К. Федин ещё не отошёл от серапионовских деклараций и не старается следовать указаниям вершителей идеологии. Он по-своему решает судьбы своих героев. Андрей Старцев совсем иной тип личности. Он как бы остаётся вне влияния общественных сил, старательно отточивших Курта Ванна. Он сохранил верность себе, избегая всего мрачного, ужасного. В жизни влечёт его светлое, доброе. Его утончённая душа не приемлет того страшного, мёртвого, неродившегося, что накопилось в анатомическом театре, всего, что люди так бесстыдно выставили напоказ. Отвращение и ужас вызывает у него и забава обывателей, швыряющих в тире большой тряпичный мяч в чучела преступников, которых когда-то покарало правосудие.
Андрей хочет вырваться из плена, превратившего человека в орудие чужой воли, он больше не может жить в этой цитадели, где опутан каждый его шаг, где на него «давят люди, голоса людей, даже добро людей». Он должен бежать, потому что не может больше бездействовать. И он хочет быть самим собой, а здесь, где он чужой, над ним властвует неумолимая сила, страшный порядок, автоматизирующий человека. Он на какое-то мгновение вырвался на свободу, глотнул свежего воздуха, но отказался от свободы и сознательно вернулся снова в плен: «Бежать хорошо по знакомым путям. Неизвестные – тяжелы и суровы… Побеги совершают герои, а героев так мало на свете» (Там же. С. 245).
Андрей – не герой. Да и сам К. Федин в письме к Горькому, напомнив ему его слова «о пороке русских литературных произведений: во всех них отсутствует герой», признаётся, что, как ни героична эпоха, о которой он писал, герой его прочно удержал наследие своих литературных предков: «Но я не ставил себе задачей героизировать лицо своей повести, а только хотел показать характер эпохи и стремился сделать это правдиво» (М. Горький и советские писатели. С. 479).

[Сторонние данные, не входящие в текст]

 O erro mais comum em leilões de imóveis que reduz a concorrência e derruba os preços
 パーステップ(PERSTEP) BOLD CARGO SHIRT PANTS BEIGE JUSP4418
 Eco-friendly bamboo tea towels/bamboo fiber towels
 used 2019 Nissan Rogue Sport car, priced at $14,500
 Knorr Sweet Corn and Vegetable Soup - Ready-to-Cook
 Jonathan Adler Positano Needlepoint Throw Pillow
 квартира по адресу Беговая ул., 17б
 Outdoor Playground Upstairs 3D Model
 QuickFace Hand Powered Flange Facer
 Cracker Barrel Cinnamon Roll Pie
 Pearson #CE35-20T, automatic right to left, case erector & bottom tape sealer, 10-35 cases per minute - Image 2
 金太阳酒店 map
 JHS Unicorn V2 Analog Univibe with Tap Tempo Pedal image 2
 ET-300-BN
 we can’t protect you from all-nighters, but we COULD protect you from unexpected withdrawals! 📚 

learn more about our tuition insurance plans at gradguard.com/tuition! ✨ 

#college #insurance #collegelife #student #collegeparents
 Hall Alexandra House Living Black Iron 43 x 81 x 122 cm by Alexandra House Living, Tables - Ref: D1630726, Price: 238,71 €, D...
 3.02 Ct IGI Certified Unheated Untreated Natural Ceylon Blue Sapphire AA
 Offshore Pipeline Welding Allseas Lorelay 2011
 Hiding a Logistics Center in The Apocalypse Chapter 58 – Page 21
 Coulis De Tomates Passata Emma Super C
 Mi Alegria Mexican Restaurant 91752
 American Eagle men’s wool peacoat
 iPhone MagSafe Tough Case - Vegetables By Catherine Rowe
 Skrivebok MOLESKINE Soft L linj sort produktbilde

Обратившись к новой, героической революционной эпохе, писатель, как мы видели, стремился решить проблемы гуманизма традиционными средствами. Жизнь, суровая героика Гражданской войны постоянно обнажали противоречие между «долгом» и «чувством», необходимостью жестокости и мерой человечности. Федин исследует истоки традиционного гуманизма и вынужден показать его бессилие в условиях новой действительности. Андрей Старцев, с его принципом всепрощения, с его бескомпромиссной жалостью, не был героем революционной нови, как не был им и стальной, лишённый всяких сомнений и колебаний Курт Ван.
Рядом с Фединым, по-своему, ошибаясь и обретая, искали нового пути другие талантливые писатели. Ярко заявил о себе в начале 20-х годов Борис Андреевич Пильняк (Вогау, 1894–1938). Писать и печататься начал ещё до революции. Но, окончив Московский коммерческий институт, он полностью отдался литературе, оказавшись под влиянием Андрея Белого в области поисков литературной формы.
Поиски новой литературной формы порой заслоняли Пильняку содержание эпохи, мешали сблизиться с народом, его запросами, отразить его современные чаяния – это предопределило его разбросанность, взвихрённость его творчества. Он был талантлив, но слаб характером, неустойчив в своих литературно-эстетических воззрениях, отсюда его шатания под действием напористой критики. Неудачи и шатания Бориса Пильняка критик В. Полонский остроумно уподобил шахматам без короля.